Maybe it’s because I’m so far from home and family and all of the traditions that come along with the season. I know that there won’t be any of my mom’s chocolate-covered peanut butter balls or rum cake, or my grandmother’s Christmas Eve seafood chowder, or the big Boxing Day get-together that sees one side of my family (aunts, uncles, cousins, their kids and spouses) crammed into my grandmother’s house for an incredible potluck spread.
But there’s one thing that never fails to get me in the holiday spirit: baking Christmas cookies. Yep, I plug in the lights on the tree, crank some Christmas tunes (Shaw digital cable has an unbelievably lame selection of holiday music on their digital music channels) and bust out my baking sheets. Don’t judge me.
I whipped up my first batch of butter cookies (kinda like simple sugar cookies) last week, painstakingly kneading the dough, rolling it out and stamping snowflake shapes. I popped them in the oven, filling the whole house with the yummy aroma of freshly baked cookies, and packed them up to decorate later (after sampling one or two, of course). Yes, it was beginning to look a lot like Christmas!
That batch was just the first of many that will come out of my kitchen this winter. I also plan to make the aforementioned chocolate peanut butter balls (which are so good that a friend with peanut allergies actually ate three before he realized what was in them and we had to call an ambulance to the Christmas party – true story) and gingerbread people, of course! But I still haven’t quite decided which I’ll be bringing to the Pique’s annual cookie exchange.
We started the inter-office cookie exchange back in 2008, recruiting bakers and non-bakers alike to whip up a few dozen of their favourite cookies to swap for the others. Now, the traditional “cookie exchange” model usually involves about eight people (like busy moms) who bake five to six dozen cookies of one type, then trade them so they don’t have to do any additional baking over the holidays. But in our office, there are probably more non-bakers than bakers, so asking people to churn out 72 unburnt cookies is a bit unrealistic. By scaling down the number and inviting more people, we always end up with a delicious tin-full of goodies, though you probably only get two or three of each kind.
Somehow, our festive and friendly “exchange” has morphed into a “bake-off” – I guess we’re a pretty competitive bunch here at Pique – and people take a lot of pride in their cookie creations. I’m thinking we may need to institute some sort of prize; perhaps a trophy? Anyone know where I can get my hands on a cookie-shaped trophy?
Anyways, last year, we had a pretty impressive spread: think rum balls, white chocolate macadamia nut, gingersnaps, chocolate pecan slices and many more sweet treats. There are absolutely no store-boughts permitted (that rule was instituted after a few unnamed male staffers decided to take the lazy way out and buy a package of Dad’s oatmeal cookies on the way to work). But the real trick is to make sure that there are no duplicates – only one person can bring gingerbread, etc… – so everyone takes home an awesome assortment of cookies.

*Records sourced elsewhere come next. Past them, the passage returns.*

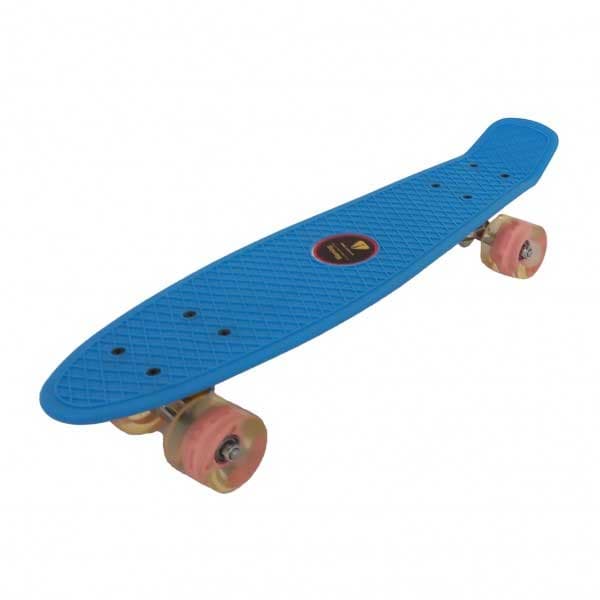 Dečiji skejtbord sa svetlećim točkovima TS-001 Plava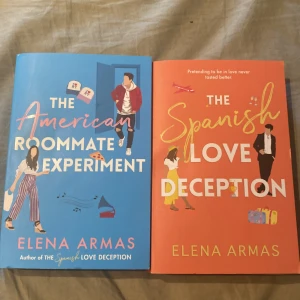 The American Roommate Experiment -  Jag fick i födelsedag läste aldrig de gör att jag inte gillar böker så i mycket bra skick Båda för 140kr En för 90kr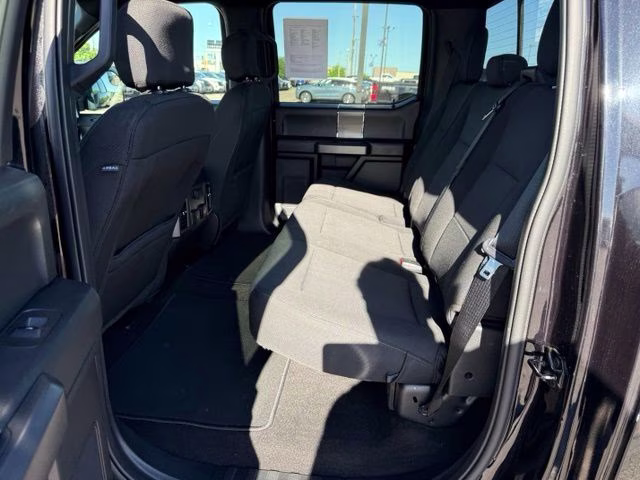 2020 Black Ford F-150 XLT 4X4 Truck
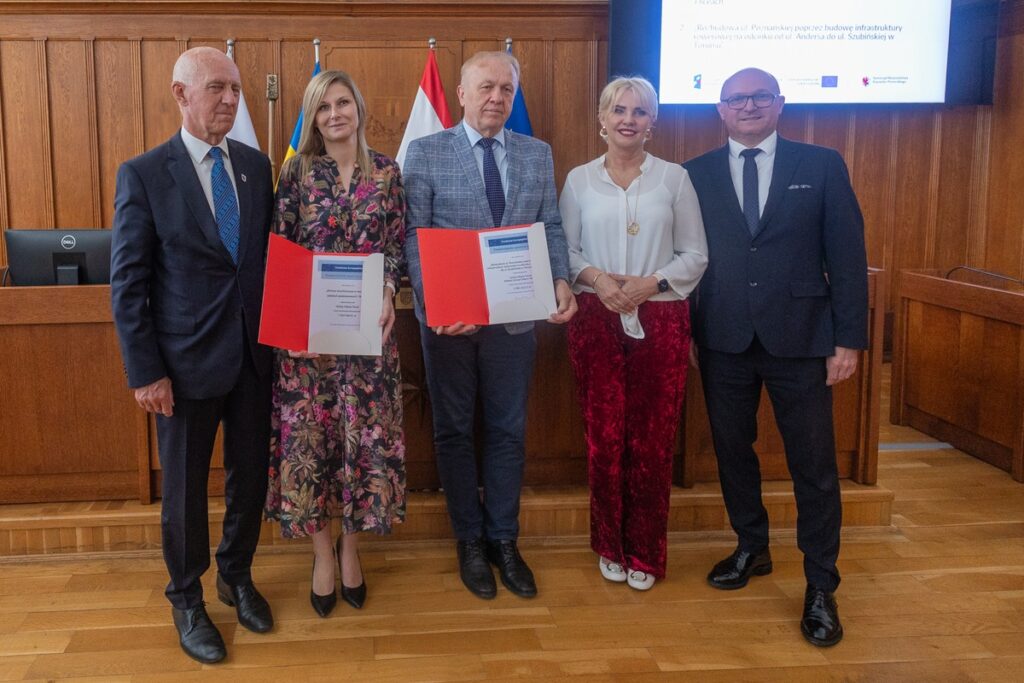 FEdKP Contract Award Ceremony, June 13, 2025, photo by Mikołaj Kuras for UMWKP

I’m leaning towards the sugar cookie cutouts I brought last year, but that seems a bit boring and safe. So I’ve dug out my handy copy of Better Homes and Gardens: Ultimate Cookies and after leafing through pages of drool-inducing photos and recipes, I think I’ve narrowed it down to mini milk chocolate cookie sandwiches, bocca di nonna with earl grey ganache, or mocha wands – sumptuous sticks that look just perfect for stirring up a latte, biscotti-style. Who knows, maybe I’ll have to make all three…
Throw in a few glasses of eggnog to accompany the cookie feast, and we’ll be well on our way to a pre-Christmas sugar coma. I’ll drink to that! Happy holidays!